What exactly is being taught here? »La scuola degli amanti«, »The School for Lovers« is the subtitle of Lorenzo Da Ponte’s libretto (the poet actually intended it to be the main title). Don Alfonso’s primary educational goal as the »old philosopher« is to dispel all illusions about love and fidelity. En route, the lovers are instructed in all the primary and secondary topics of a complicated (love)life. Trust, seduction, deceit, surrender. The final conclusion that leads to the title, »That’s how they (women) all are«, needs not be the end of the education. What they make of this assumed recognition is a question for all participants.
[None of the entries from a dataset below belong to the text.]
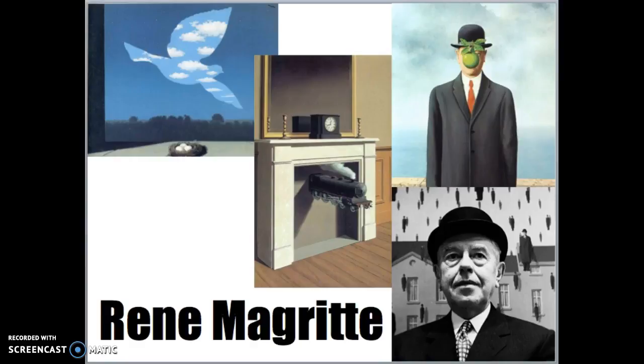Alright boys and girls, we have been studying all these different artists and it is now time for us to commit them to memory.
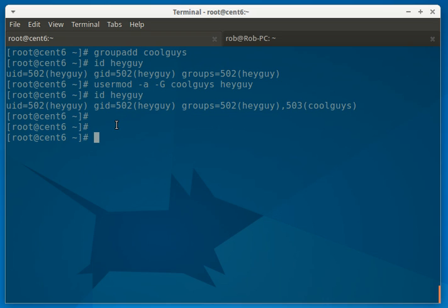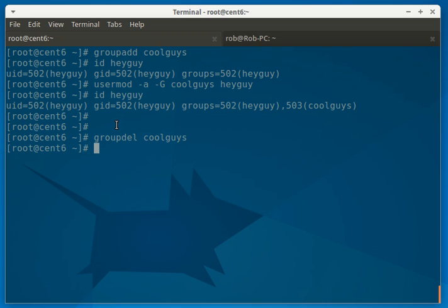Then, we can get rid of that group altogether by the groupdel, for delete. So we're just going to delete the CoolGuys.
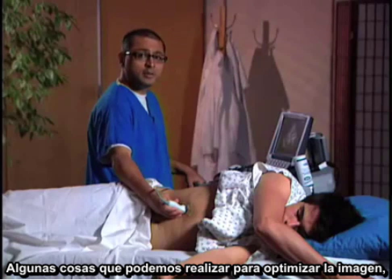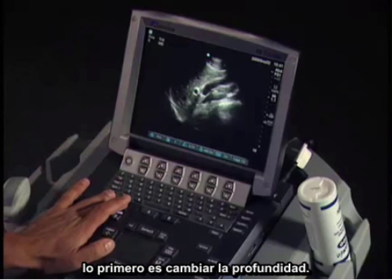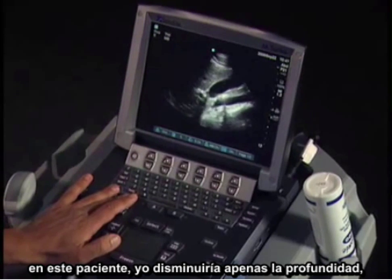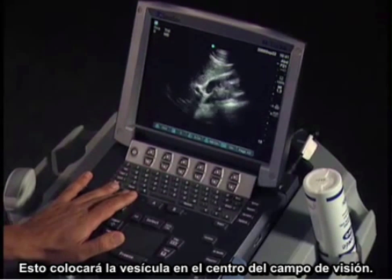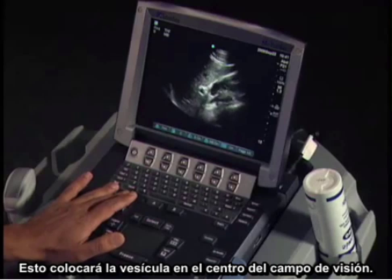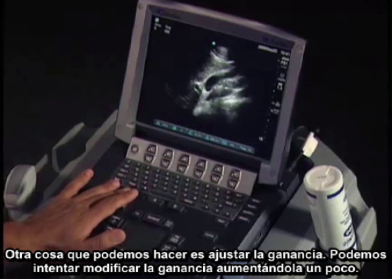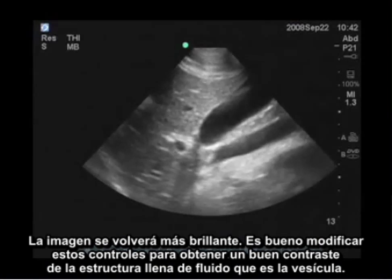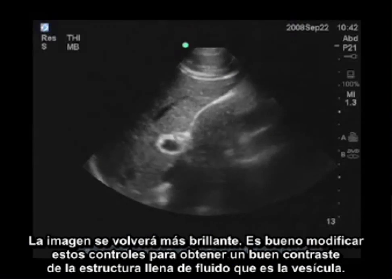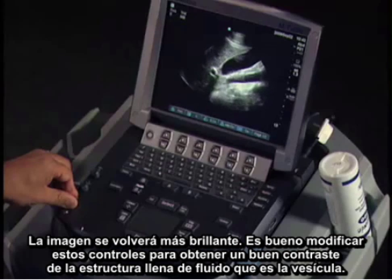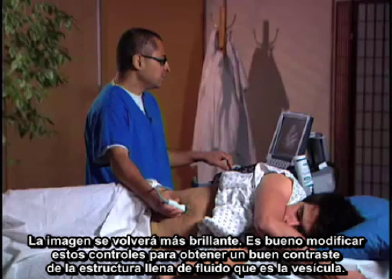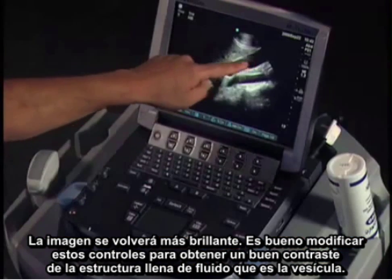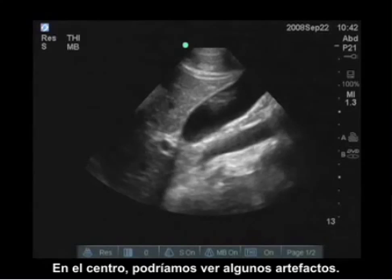To optimize the image, first adjust your depth. In this patient I may decrease the depth slightly to bring the gallbladder better into the mid-center field of view. You can also adjust the gain slightly higher or lower. You want to optimize these settings to get good contrast of the fluid-filled gallbladder in the center, and also to notice any artifacts.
With Lorenzo Da Ponte, Mozart had finally found the poet with whom he could join forces to form the »true phoenix«, as he described the combination of a »good composer« and a »modest poet« in a letter to his father in 1781. The »good composer« was meant to be someone who »understands the theatre, and who is also capable of specifying something«. This was Mozart. Così fan tutte shows this even more clearly than the earlier Le nozze di Figaro and Don Giovanni. Of the 31 musical numbers in the Scuola degli amanti, only 11 are solo arias, the rest are ensembles. Mozart and Da Ponte continued with the practice initiated in Figaro (14 solo arias in 28 individual numbers) of discarding the conventional ratio between recitatives which move the action along and »static« vocal numbers. More and more elements of the action are moved into the musical numbers. Originally, the busy Lorenzo Da Ponte had not written Così fan tutte for Mozart. Instead, Antonio Salieri had begun a setting (probably in 1789) but had soon aban- doned it again. For Mozart’s opera, there are Da Ponte’s changes in the text indicating a series of requests to the poet by the composer.
New in this third and last collaboration between Mozart and Da Ponte is that the poet was not working from a direct play or libretto but created an »original libretto« from numerous sources. For example, he took the motif of a test of fidelity by a jealous spouse, or someone commissioned by him to see if the wife can be seduced from the story of Cephalus and Procris in Ovid’s Metamorphoses and the Ninth Tale of the Second Day of Giovanni Boccaccio’s Decameron.
This also involves the motif of a bet on fidelity, which in Da Ponte becomes the bet that Guglielmo and Ferrando make with Don Alfonso. Finally, all the female characters in Così fan tutte have counterparts in a classical work. In Ludovico Ariosto’s Orlando furioso (1516) we encounter a Fiordiligi, true wife of Brandimarte; a Doralice who surrenders to the seductive arts of a Saracen prince; and finally, a Fiordispina, who falls unhappily in love with the female warrior Bradamante. The work has a wealth of references to literary tradition (there are also traces of Shakespeare and Marivaux), although for a long time it was dismissed as the worst of the three Mozart-Da Ponte operas. Right from the world premiere, many people found the plot where Dorabella and Fiordil- igi abandon their absent betrotheds and take up with two strangers to be outrageous. In fact the closing »così fan tutte« serves as a continuation of the gender image which the tale from the Decameron conveyed, that even man as the crown of creation is often unable to be faithful, so it can hardly be expected of women as beings dominated by the senses. In the Decameron, this assignment of roles is required for the male fantasies of lustful nuns and adulterous women who populate Boccaccio’s tales. In Così fan tutte, the ending is one of reconciliation, leaving scope to consider the question which the work poses along with Mozart’s wonderful music – what is »seduction«, and how does it work? How does a disguise work which makes it impossible to recognize your own betrothed and your sister’s? And finally, what motivates a character like Don Alfonso, whose only triumph – apart from the money he won – lies ultimately in shattering the trust of a few young people in love and in each other?